## 6.12 Find the first occurence of a substring 

Given two strings s(the 'search string') and t(the 'text'), find the frist occurence of s in t. 

**Sol:** The brute force solution uses two nested loops, the first iterates throuhg t, and second tests if s occurs starting at the current index in t. The worst case complexity is O(n^2). In general, it costs O(mn), where m is length of t and n is lenght of s. 

There are three linear time string matching algorithms: KMP, Boyer-Moore, and Rabin-Karp. Of these, Rabin-Karp is by far the simplest to understand and implement. 

In [1]:
import functools

In [7]:
def rabin_karp(t: str, s:str)-> int:
    if len(s) > len(t):
        return -1 # s is not a substring of t 
    
    base = 26
    # Hash codes for the substring of t and s 
    t_hash = functools.reduce(lambda h, c: h*base+ord(c), t[:len(s)], 0)
    s_hash = functools.reduce(lambda h, c: h*base+ord(c), s, 0)
    power_s = base**max(len(s)- 1, 0) # base^|s-1|
    
    for i in range(len(s), len(t)):
        # Check the two substrings are acutally equal or not, to protect 
        # against hash collision.
        if t_hash == s_hash and t[i - len(s): i] == s:
            return (i - len(s)) # Found a match 
        # Uses rolling hash to compute the hash code 
        t_hash -= ord(t[i - len(s)])*power_s
        t_hash = t_hash * base + ord(t[i])
        
    # Tries to match s and t[-len(s):]
    if t_hash == s_hash and t[-len(s):] == s:
        return len(t) - len(s)
    return -1 # s is not a substring of t

In [10]:
t = 'dnsmdnsndjeicnfjeigndj'
s = 'mdn'
rabin_karp(t,s)

3

## 6.11 Implement run-length encoding (RLE)
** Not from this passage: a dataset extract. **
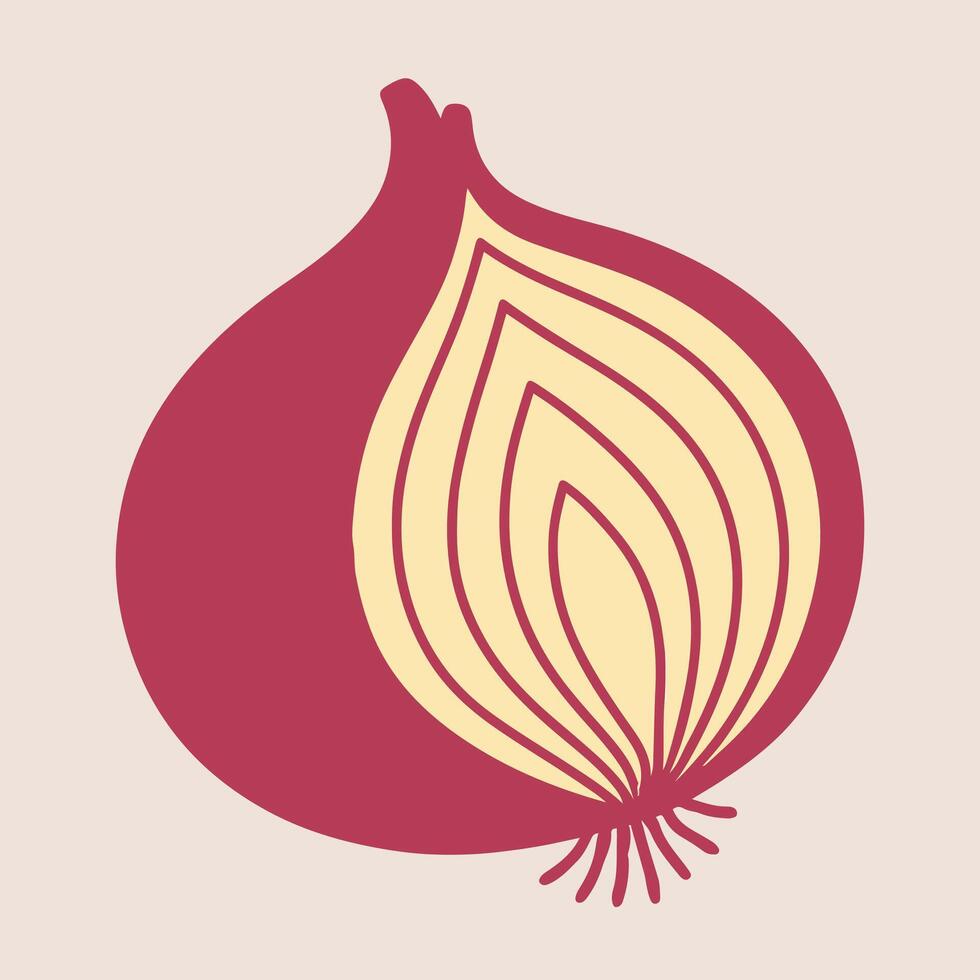 Simple Flat Design Illustration of a Whole and Sliced Red Onion with Cutaway View Isolated on a Neutral Background vector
Implement run-length encoding and decoding functions. Assume the string to be encoded consists of letters of the alphabet, with no digits, and the string to be decoded in a valid encoding. 

In [11]:
for i in range(0,5,2):
    print(i)

0
2
4


In [12]:
def decoding(s: str)-> str:
    count, result = 0, []
    
    for c in s:
        if c.isdigit():
            count = count*10 + int(c)
        else: # c is a letter of alphabet
            result.append(c * count) # Appends count copies of c to result 
            count = 0
    return ''.join(result)       
        

In [13]:
s = '17e9c5l'
decoding(s)

'eeeeeeeeeeeeeeeeeccccccccclllll'

In [28]:
def encoding(s: str) -> str:
    count, result = 1, []
    
    for i in range(1,len(s)+1):
        if i == len(s):
            result.append(str(count))
            result.append(s[i-1])
            count = 1
        elif s[i] == s[i-1]:
            count += 1
        else:
            result.append(str(count))
            result.append(s[i-1])
            count = 1
    return ''.join(result)

In [29]:
s = 'jjjjjiijjeeeddeee'
encoding(s)

'5j2i2j3e2d3e'

The time complexity is O(n), where n is the length of the string. 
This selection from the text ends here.